A monad transformer is represented by the kind T :: (* -> *) -> * -> *. The general contract that a monad transformer offers is ..

class MonadTrans t where
 lift :: (Monad m) => m a -> t m a

Here we lift a computation m a into the context of another effect t. We call t the monad transformer, which is itself a monad.

Well in this post, I will discuss monad transformers in scala using scalaz 7. And here's what you get as the base abstraction corresponding to the Haskell typeclass shown above ..

trait MonadTrans[F[_[_], _]] {
  def lift[G[_] : Monad, A](a: G[A]): F[G, A]
}

It takes a G and lifts it into another computation F thereby combining the effects into the composed monad. Let's look at a couple of examples in scalaz that use lift to compose a new effect into an existing one ..

// lift an Option into a List
// uses transLift available from the main pimp of scalaz

scala> List(10, 12).transLift[OptionT].runT
res12: List[Option[Int]] = List(Some(10), Some(12))

// uses explicit constructor methods

scala> optionT(List(some(12), some(50))).runT
res13: List[Option[Int]] = List(Some(12), Some(50))

If you are like me, you must have already started wondering about the practical usage of this monad transformer thingy. Really we want to see them in action in some meaningful code which we write in our daily lives.

In the paper titled Monad Transformers Step by Step, Martin Grabmuller does this thing in Haskell evolving a complete interpreter of a subset of language using these abstractions and highlighting how they contribute towards an effective functional model of your code. In this post I render some of the scala manifestations of those examples using scalaz 7 as the library of implementation. The important point that Martin also mentions in his paper is that you need to think functionally and organize your code upfront using monadic structures in order to take full advantage of incremental enrichment through monad transformers.

We will be writing an interpreter for a very small language. I will first define the base abstractions and start with a functional code as the implementation base. It does not contain many of the useful stuff like state management, error handling etc., which I will add incrementally using monad transformers. We will see how the core model remains the same, transformers get added in layers and the static type of the interpreter function states explicitly what effects have been added to it.

The Language

Here's the language for which we will be writing the interpreter.

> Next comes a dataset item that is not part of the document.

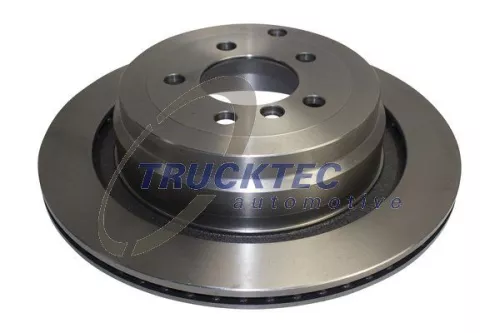 TRUCKTEC AUTOMOTIVE Bremsscheibe (22.35.112)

Pretty basic stuff with literal integers, variables, addition, λ expressions (abstraction) and function application. By abstraction and application I mean lambda terms .. so a quick definition for the uninitiated ..


- a lambda term may be a variable, x
- if t is a lambda term, and x is a variable, then λx.t is a lambda term (called a lambda abstraction)
- if t and s are lambda terms, then ts is a lambda term (called an application)


and the Scala definitions for the language elements ..

// variable names
type Name = String
  
// Expression types
trait Exp
case class Lit(i: Int) extends Exp
case class Var(n: Name) extends Exp
case class Plus(e1: Exp, e2: Exp) extends Exp
case class Abs(n: Name, e: Exp) extends Exp
case class App(e1: Exp, e2: Exp) extends Exp
  
// Value types
trait Value
case class IntVal(i: Int) extends Value
case class FunVal(e: Env, n: Name, exp: Exp) extends Value

// Environment in which the λ-abstraction will be evaluated
type Env = collection.immutable.Map[Name, Value]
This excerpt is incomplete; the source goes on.